» WHAT YOU ARE ASKED TO DO
What follows is a set of records. Retype them exactly, leaving out the pictures.

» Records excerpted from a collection
..............................

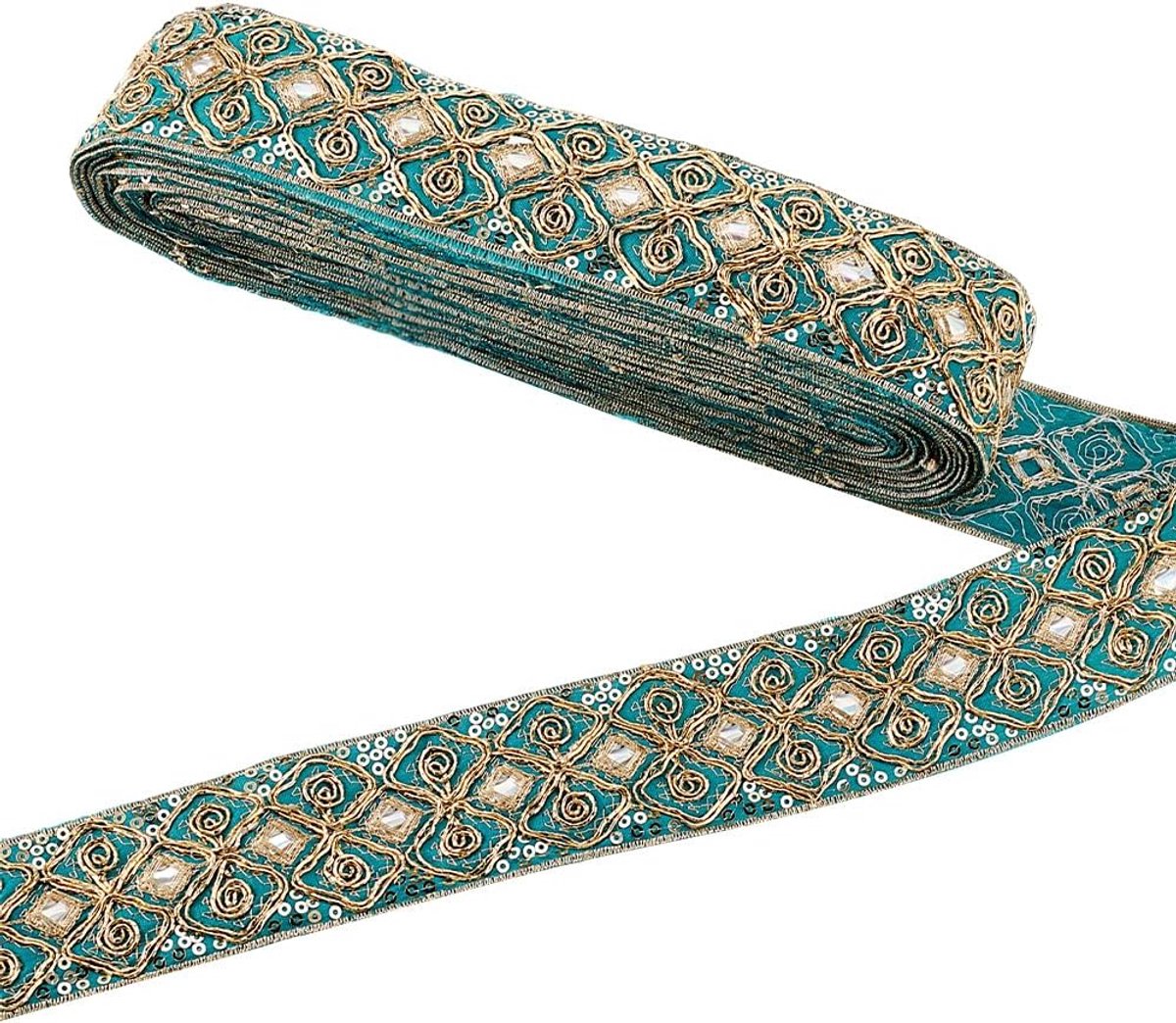 PandaHall 9,14 meter Etnisch Blauw Geborduurd Bloemenband, 4,4 cm breedte, Polyester materiaal, Formele huwelijksgelegenheid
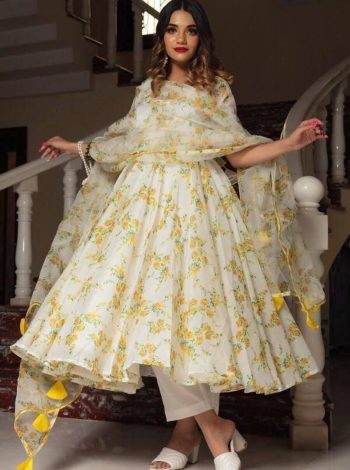 NEW ARRIVAL CHNADERI DIGITAL PRINTED GOWN BOTTOM WITH DUPATTA  YELLOW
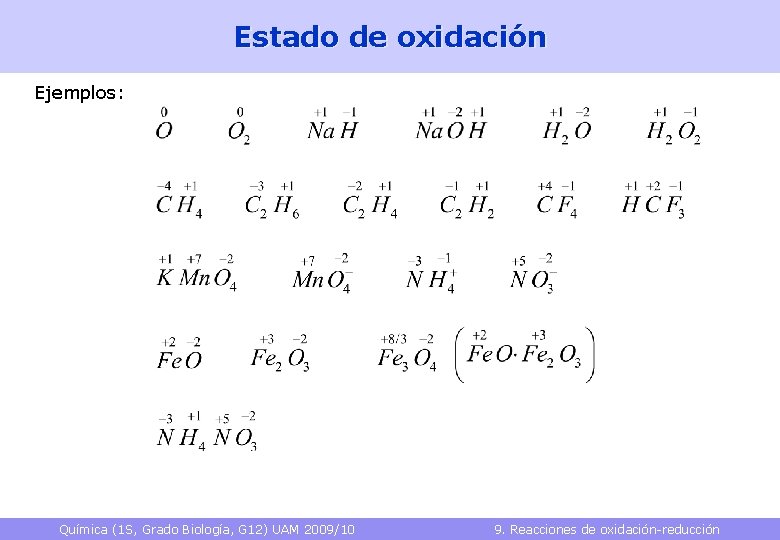 Estado de oxidación Ejemplos: Química (1 S, Grado Biología, G 12) UAM 2009/10 9.
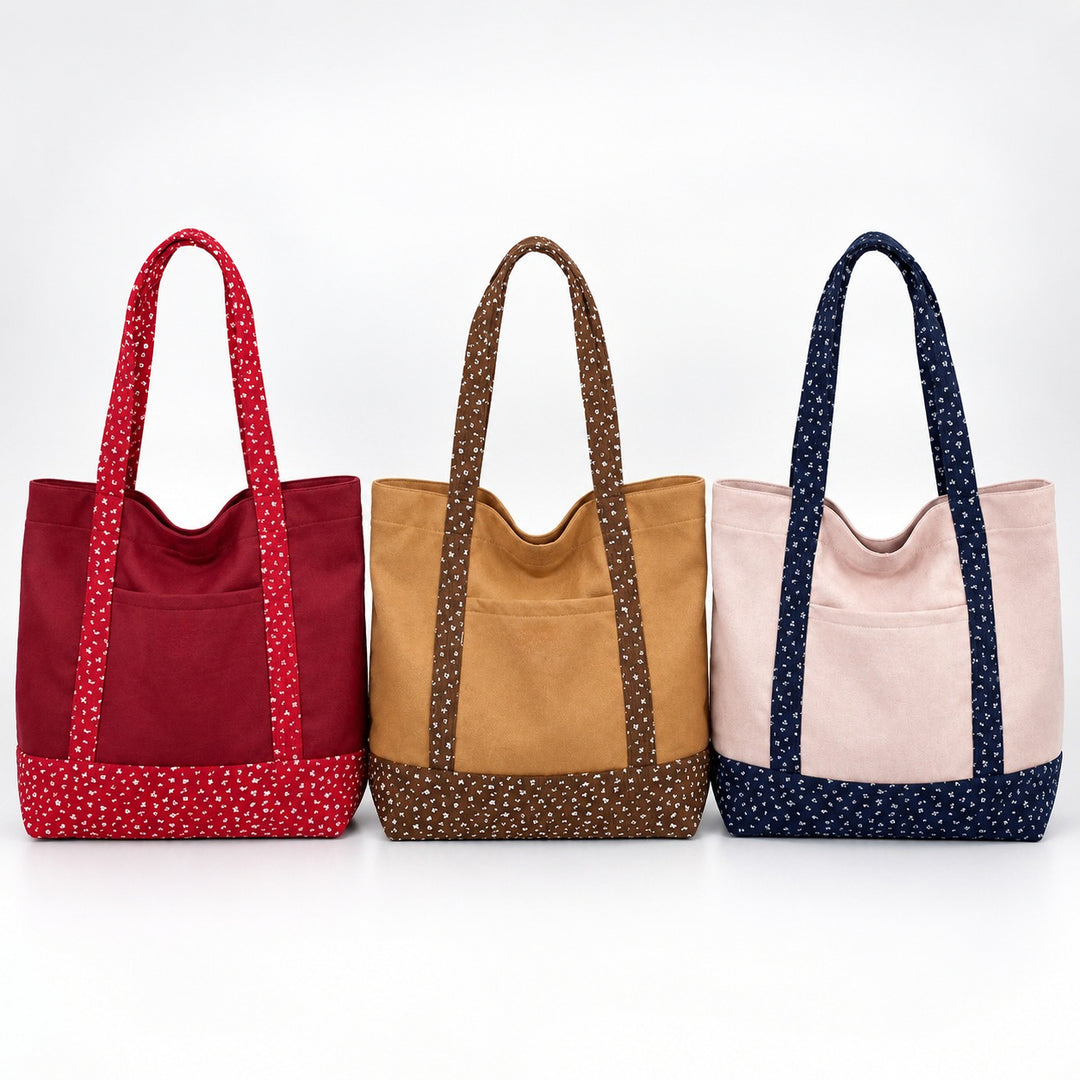 Women's Large Floral Color-Block Suede-Feel Tote Bag N6J210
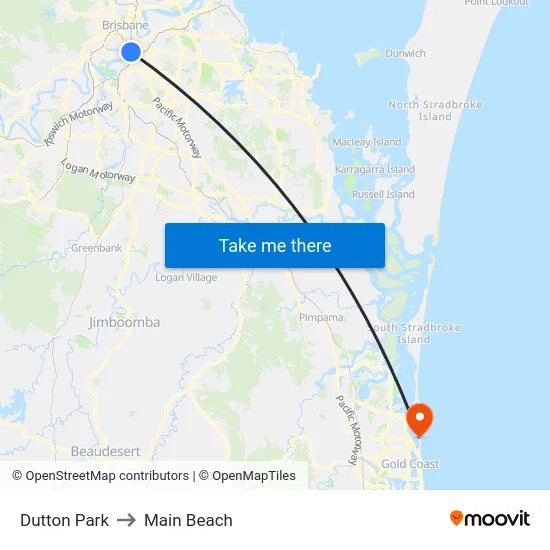 Dutton Park to Main Beach map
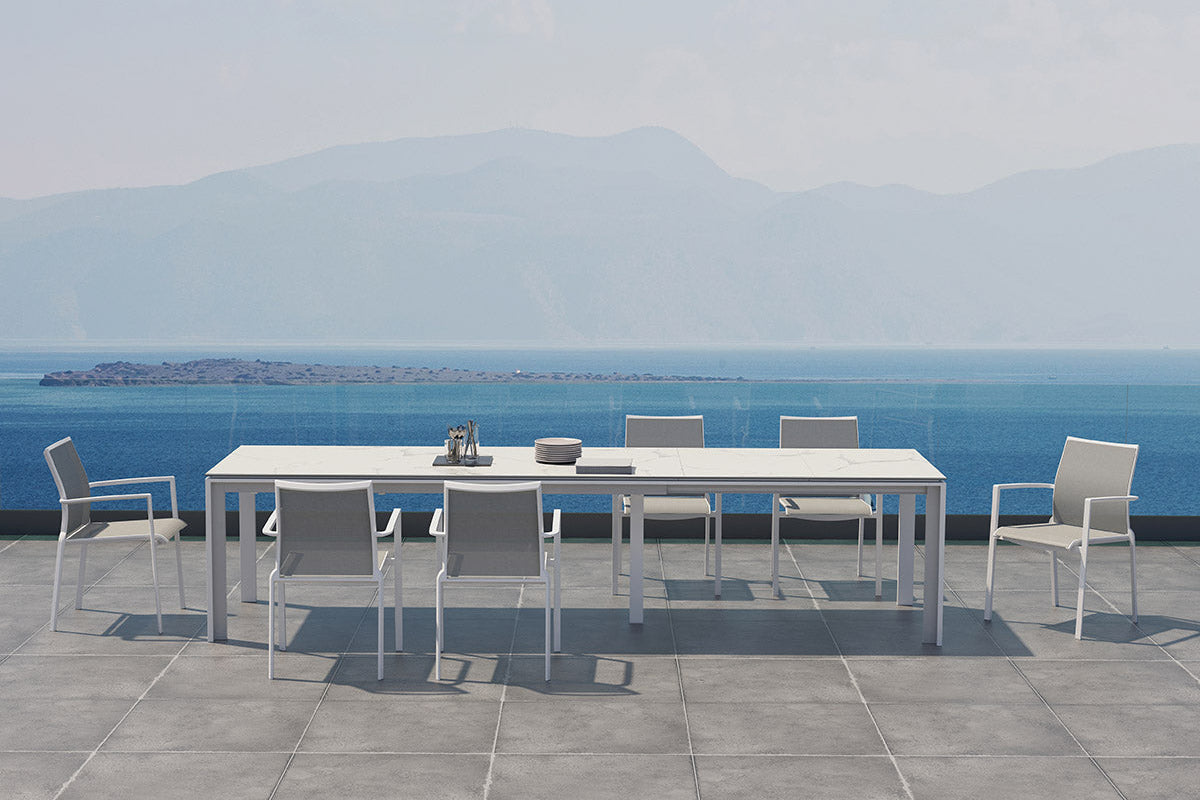 4SO Melbourne Dining-Set weiß (6-tlg.) + Optimum Tisch 280x95 cm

..............................

» FINAL ANSWER
 PandaHall 9,14 meter Etnisch Blauw Geborduurd Bloemenband, 4,4 cm breedte, Polyester materiaal, Formele huwelijksgelegenheid
 NEW ARRIVAL CHNADERI DIGITAL PRINTED GOWN BOTTOM WITH DUPATTA  YELLOW
 Estado de oxidación Ejemplos: Química (1 S, Grado Biología, G 12) UAM 2009/10 9.
 Women's Large Floral Color-Block Suede-Feel Tote Bag N6J210
 Dutton Park to Main Beach map
 4SO Melbourne Dining-Set weiß (6-tlg.) + Optimum Tisch 280x95 cm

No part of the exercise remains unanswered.